Benchmarks can be used by governments or financial organizations to supervise the providers of education services  rewarding or penalizing them according to results compared to the established patterns.  


What are the dimensions of benchmarks?

In the education field, benchmarks (criteria, patterns, or quality indicators) can refer to inputs, processes/methods or outcomes. 

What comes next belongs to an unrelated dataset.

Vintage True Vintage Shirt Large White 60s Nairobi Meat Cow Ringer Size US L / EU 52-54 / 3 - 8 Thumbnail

- Benchmark related to inputs  it could be for instance: minimum cost per student, classrooms quality and quantity, equipment, books and other teaching materials.
- Benchmarks referred to processes- it could be for instance: providing directions about association forms, democratic management, follow up of certain teaching principles,  use of active methodologies.
- Benchmarks related to outcomes - it can be for instance: learning outcomes (measured by tests) or attitude changes, living conditions of people, reading habits acquisition, participation in community movements, increase of the family income, school enrolment.

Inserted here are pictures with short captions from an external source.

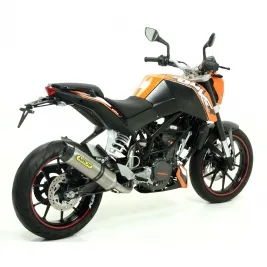 Terminale Di Scarico Arrow Ktm Duke 125 11 - 2016 Slip-On Street Thunder Titanio Moto Fondello Carbonio 2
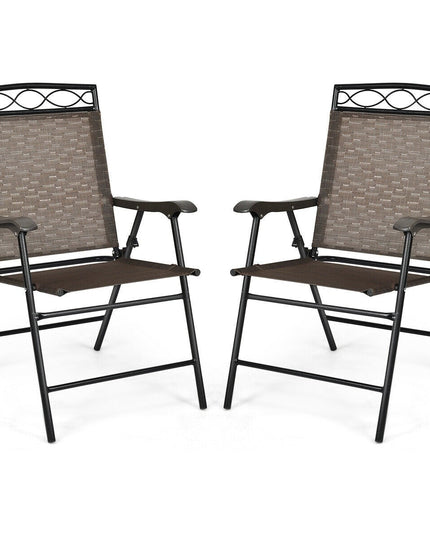 Set of 2 or 4 Patio Chairs, Outdoor Folding Lawn Chairs for Beach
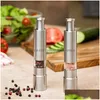 Mills UPS Manual Pepper Mill Mill Salt Shakers بيد واحدة طاحونة من الصلب المقاوم للصدأ صلصة التوابل الصلب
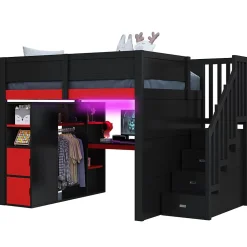 Lit Mezzanine 140x200 cm - avec Bureau Intégré, Escalier de Rangement et LED, Ports USB - MDF + Contreplaqué - Noir et Rouge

Nowadays, there is a trend to evaluate education programs solely on the base of the learning outcomes measured by patterned tests. In some cases, it is also taken into account as success criteria a certain percentage of job placements in the labor market, especially in programs that include some professional qualification.

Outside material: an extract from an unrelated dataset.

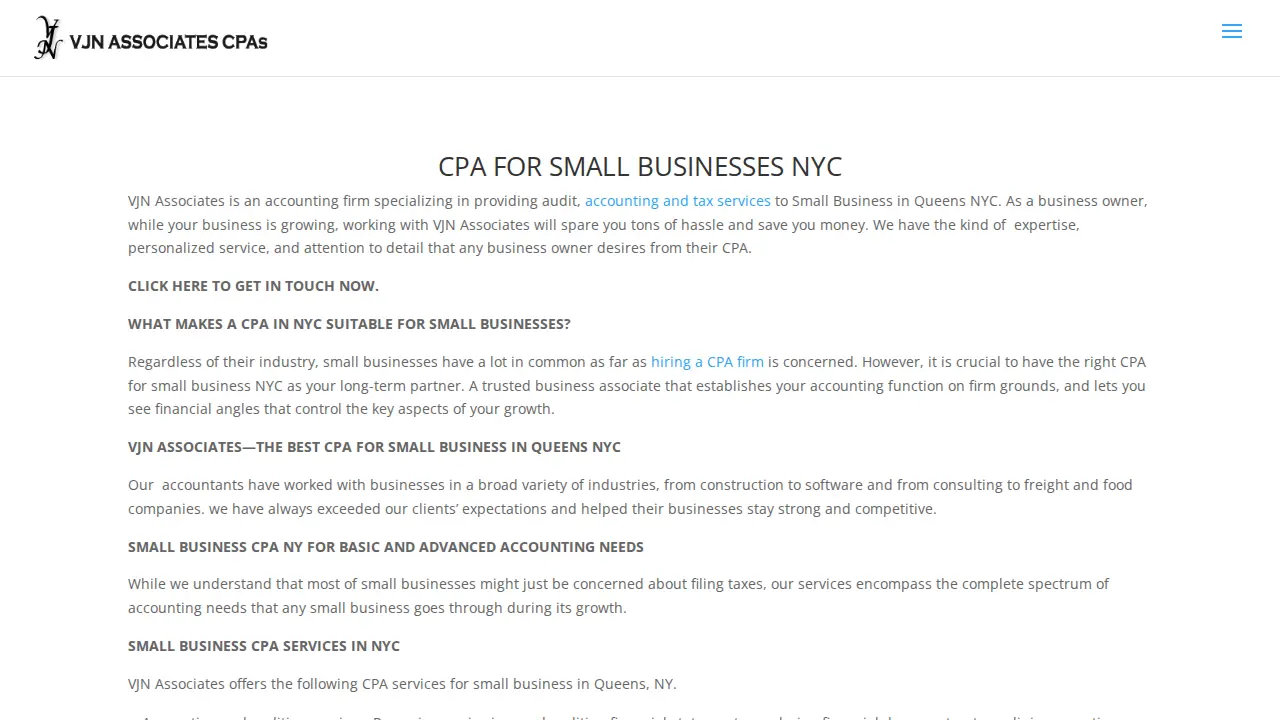 VJN Associates CPAs page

In the document “Writing the Wrongs”, a group of benchmark referred to literacy teaching produced by the Global Campaign of Education, about the leadership of Action Aid GB, with the aim of directing advocacy action, we observe a reverse trend. Between 12 benchmarks, only one refers to outcomes while the rest of them establish standards for inputs and processes.
Relating to outcomes”Writing the Wrongs” opposes a wide approach. It proposes that the goals should be the acquisition and use of learning, writing and calculation abilities, to support an active citizenship, equity and life quality.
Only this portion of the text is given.